Какой оттенок вкладывала она в свои слова, оставалось неясным. Ясно было другое – дураком она называла брата, и основания на то имелись.
Брат его был первым заводилой во всех сомнительных предприятиях и под кличкой Тоня был неплохо известен в их околотке, также примыкавшем к большому светлому собору. Мать то и дело находила у него то кастет, то прут арматуры, то просто свинчатку, обмотанную изоляционной лентой. И когда, бывало, напротив их калитки тормозил УАЗ с синей полосой по борту, и по дорожке, поглядывая по сторонам, приготавливаясь к неприятному разговору, неторопливо шагал участковый инспектор с планшеткой в руке, которую он держал, как папку, в ложбине согнутых пальцев, она чувствовала, что краснеет. Впрочем, в те годы молодечество перечисленным арсеналом ограничивалось: делить-то, в общем, было еще нечего.
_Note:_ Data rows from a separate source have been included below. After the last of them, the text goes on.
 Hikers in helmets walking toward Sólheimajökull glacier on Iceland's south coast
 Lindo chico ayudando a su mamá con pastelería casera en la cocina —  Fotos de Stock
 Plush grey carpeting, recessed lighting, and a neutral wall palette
Илье как младшему и, в общем, смирному иногда доставалось от более возмужалой длани. Тоня находил его несколько малохольным и когда видел у него в руках книгу, презрительно цедил: «Читай, читай – глаза сломаешь».
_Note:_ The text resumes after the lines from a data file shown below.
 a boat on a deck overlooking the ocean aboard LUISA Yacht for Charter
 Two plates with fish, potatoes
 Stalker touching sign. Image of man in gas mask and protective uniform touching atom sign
Чем полнее Тоня набирал призывного великолепия, тем озабоченней становилась мать. Однажды из-за приоткрытой двери Илья услышал, как она говорила соседке каким-то непривычно-торопливым, тревожным голосом:
– Хоть бы не в Афганистан этот. – И обе они вздыхали.
Вечером Илья залез в атлас. Карта Союза поражала воображение. Очертания ее точь-в-точь напоминали схему членения говяжьей туши, висевшую в центральном гастрономе. А внизу, как коричневое вымя, морщинился Гиндукуш. Высота этих гор обозначалась на карте густым, настолько насыщенным оттенком, что казалось, стоит нажать на него пальцем, и проступит зловещий багрянец и карта взмокнет от красного цвета, похожего на цвет крови.
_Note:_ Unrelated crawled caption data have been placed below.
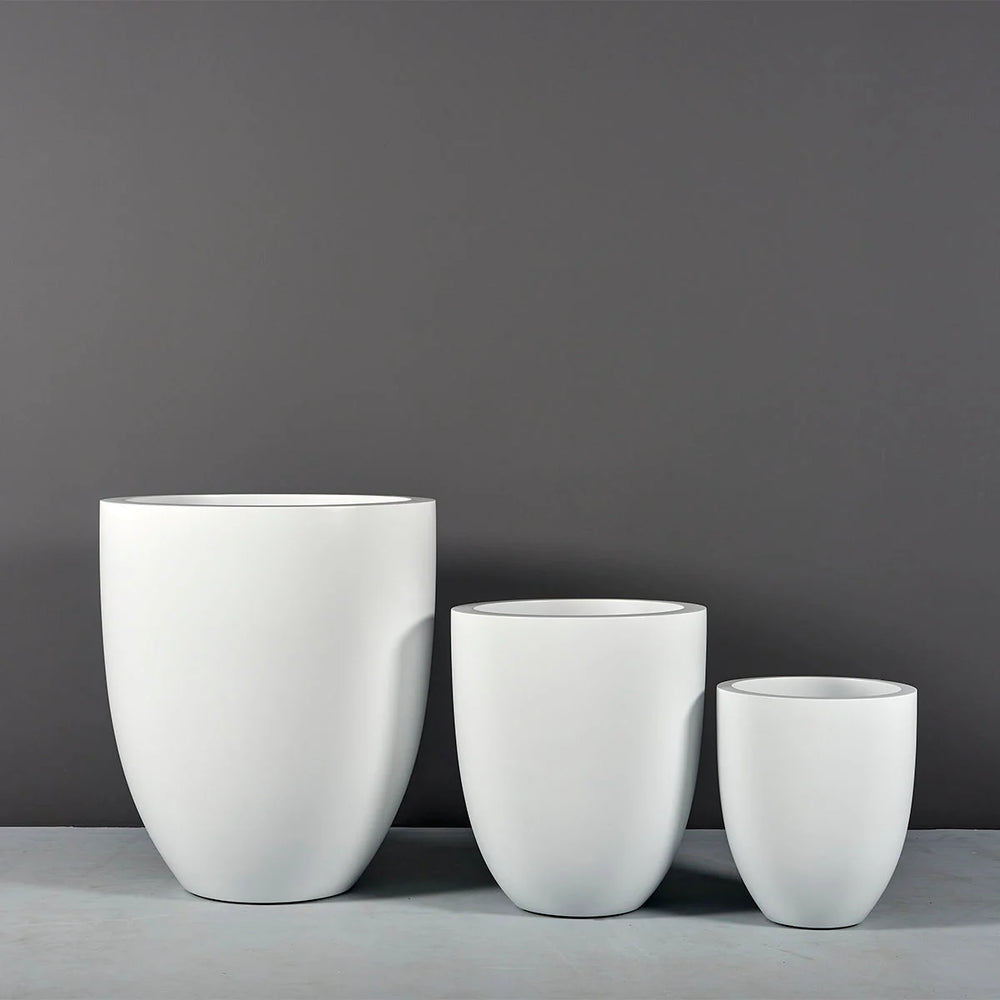Valencia Tapered Round Fiberglass Planter on concrete shown with different sizes.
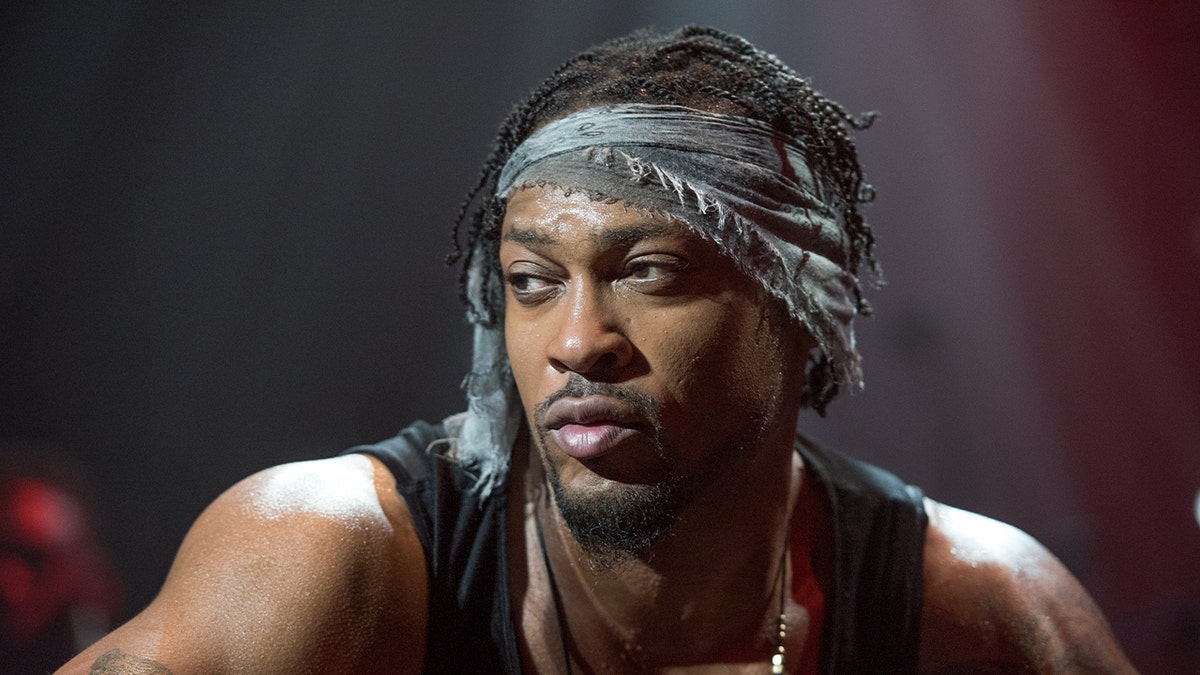 D'Angelo wears a black tank top with bandana around his head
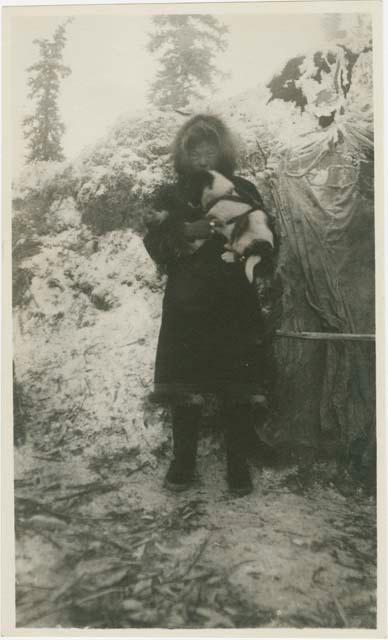 Arctic Voyage of Schooner Polar Bear - Person in fur coat holding puppy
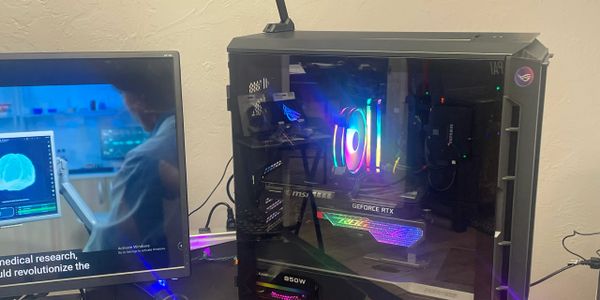 Gaming PC with RGB lighting and GeForce RTX graphics card beside a monitor.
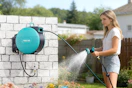 woman spraying yard with garden hose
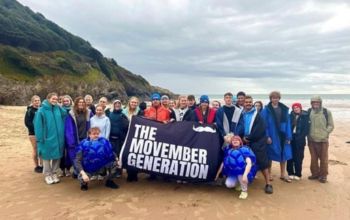 Students holding Movember flag after doing a Movember Charity sea dip on the beach. 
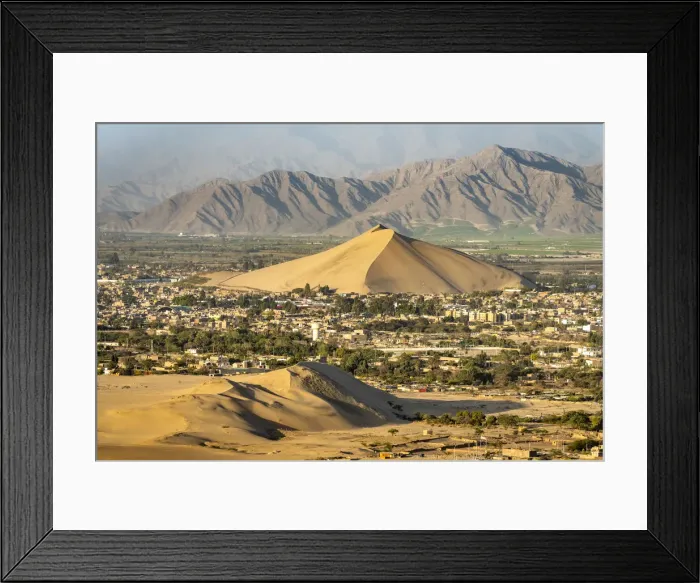Framed Print : City of Ica viewed from dune at Huacachina against mountains, Ica Region, Peru Framed Print : City of Ica viewed from dune at Huacachina against mountains, Ica Region, Peru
Полтора года исправно приходили короткие письма, сперва помеченные координатами учебного лагеря в Литве, а потом просто тревожными обозначениями полевой почты: пять цифр, готовых сложиться в какое угодно значение. И только спустя два месяца прибыл наконец ящик из цинка, вложенный в крепкий дощатый футляр, будто содержал нечто хрупкое, что могло разбиться. Можно было решить, что там скрывается экзотический музыкальный инструмент, выписанный из далекой тропической страны местным этнографическим музеем, прихотью чиновничьего каприза проросшим в маленьком городке, как одинокий нечаянный злак на картофельном поле.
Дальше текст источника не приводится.